LILLE
L’événement Lille3000 se déroule cette année sur le thème «Â Renaissance ». Un mot qui évoque l’espoir et le renouveau possible dans un monde de crises, sur les airs du vivre ensemble, de l’écologie et de l’humain. Un mot qui fait aussi référence au cercle de réflexion politique créé par la maire de Lille, Martine Aubry, en 2013.
Ce n’est pas un retour vers l’histoire et l’époque de la Renaissance, quand Lille était flamande, mais une volonté de retrouver l’esprit de la Renaissance, lorsque l’Europe est sortie du Moyen Âge en plaçant l’homme au cœur de la société, avec une ouverture au monde, en favorisant le progrès et en magnifiant la nature. C’est l’occasion de montrer qu’à travers notre monde en crise et en perte de repères, le renouveau est en marche. » Ce 19 mai à Paris, la maire de Lille, Martine Aubry, ne présentait pas sa candidature à une élection mais bien la thématique de la nouvelle édition de Lille3000 baptisée « Renaissance », qui se déroule du 26 septembre 2015 au 17 janvier 2016. La comparaison avec un Moyen Âge obscur est quelque peu dépassée, mais l’idée est là : il ne s’agit pas d’un thème historique, mais d’une incitation à se tourner vers l’avenir, à sortir des crises successives et du pessimisme ambiant par la culture, l’urbanisme, l’écologie et les savoir-faire. Le programme est un peu plus sombre et politique que les éditions précédentes et son budget est à l’image de la période : 9 millions d’euros sur trois ans, c’est-à-dire un tiers de moins que « Fantastic » en 2012, tout en conservant le même niveau de mécénat (37 %).
Cinq villes-renaissance
« Il est vrai que “Renaissance” signifie que l’on part d’un contexte difficile à partir duquel il va falloir renaître, reconnaît Didier Fusillier, directeur artistique de Lille3000, fraîchement nommé cet été à la tête de La Villette, mais on a échappé à ce pessimisme en invitant cinq villes qui ont connu des traumatismes de diverses natures, que ce soit un génocide comme Phnom Penh ou une grave crise économique comme Detroit, et voir comment elles s’en sont relevées. »

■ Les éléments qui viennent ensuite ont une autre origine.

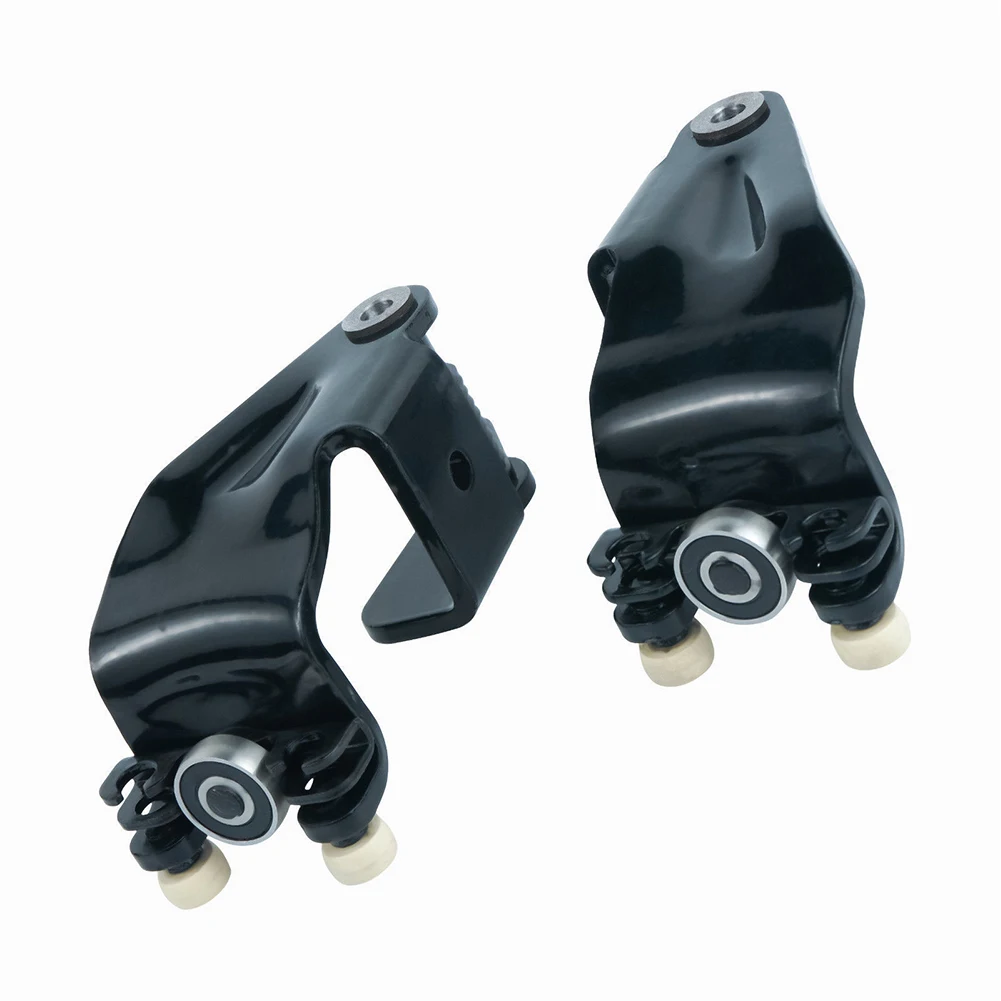 

1 Pair Metal Durable Door Roller Easy Install Center Mount Sliding Car Accessories Spare Part Left+Right Black Reliable
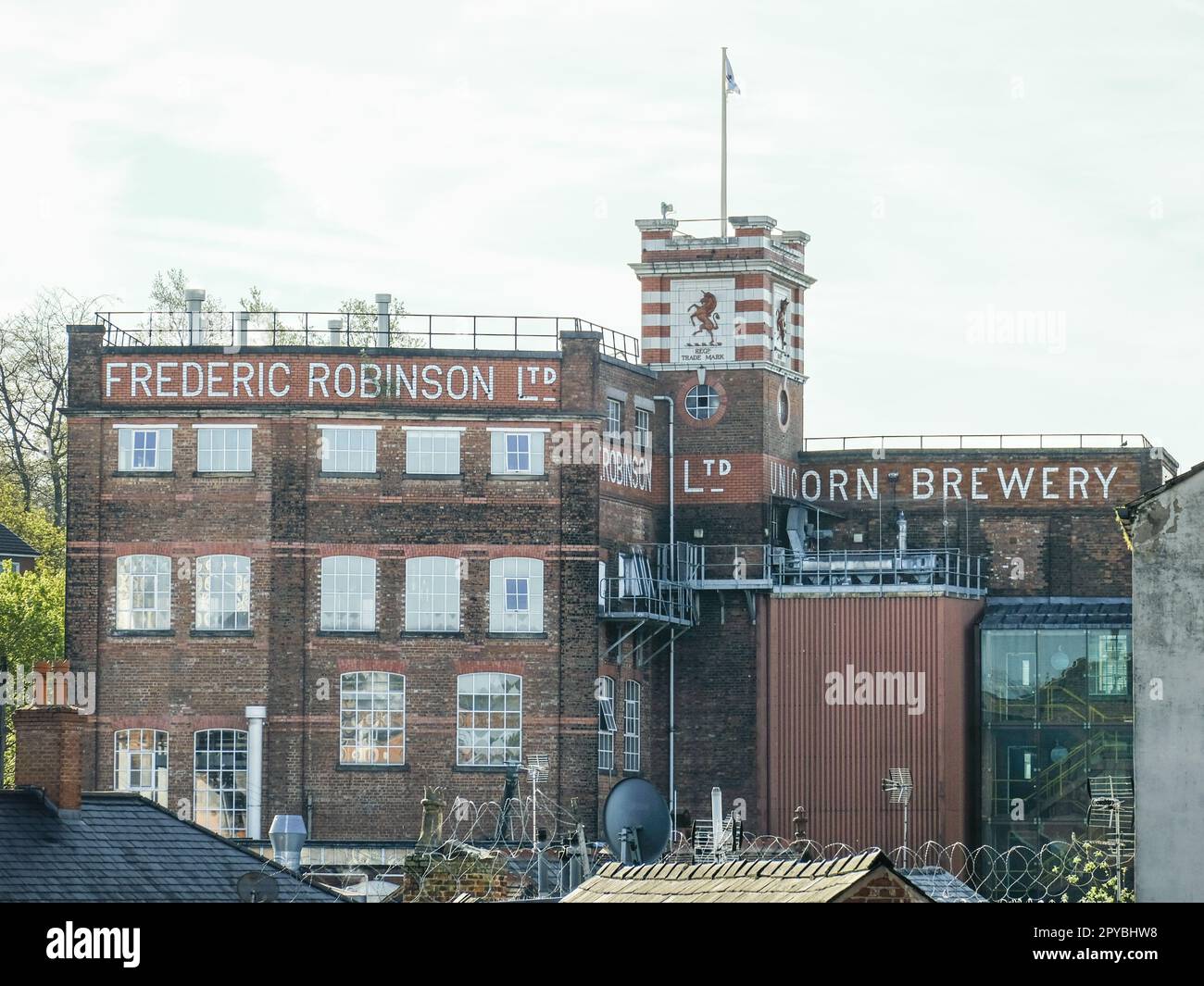 Robinsons Brewery, Lower Hillgate, Stockport, Regno Unito Foto Stock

Rio de Janeiro, Séoul, Phnom Penh, Detroit et Eindhoven sont les cinq villes choisies en différents points du globe pour leur vitalité artistique, culturelle et sociale et leur capacité de survie. Rio, la ville-contraste connue pour ses quelque neuf cents favelas et ses écoles de samba, est évidemment au cœur de la parade d’ouverture et de l’exposition « Cariocas ! » à la Maison Folie Wazemmes. Séoul, la puissance économique asiatique qui a fait une entrée fracassante et anarchique dans la modernité, s’installe au Tripostal tandis que Phnom Penh est reçue à l’Hospice Comtesse. La capitale du Cambodge a impressionné l’équipe de Lille3000 par sa jeunesse artistique, alors que quarante années de guerre et un génocide l’avaient vidée de ses forces vives. Enfin, Detroit et Eindhoven sont probablement le plus fidèle reflet de Lille et de sa région puisqu’elles ont aussi subi de graves crises économiques à la suite de la disparition de leurs industries. La première est devenue une ville-fantôme après la fermeture des usines automobiles. La seconde a perdu plus de 400 000 emplois lors du déménagement de l’entreprise Phillips à Amsterdam dans les années 1990. Pour Lille, qui a vu la chute de son économie textile et minière, la renaissance de ces deux villes américaine et hollandaise est posée aujourd’hui comme un exemple.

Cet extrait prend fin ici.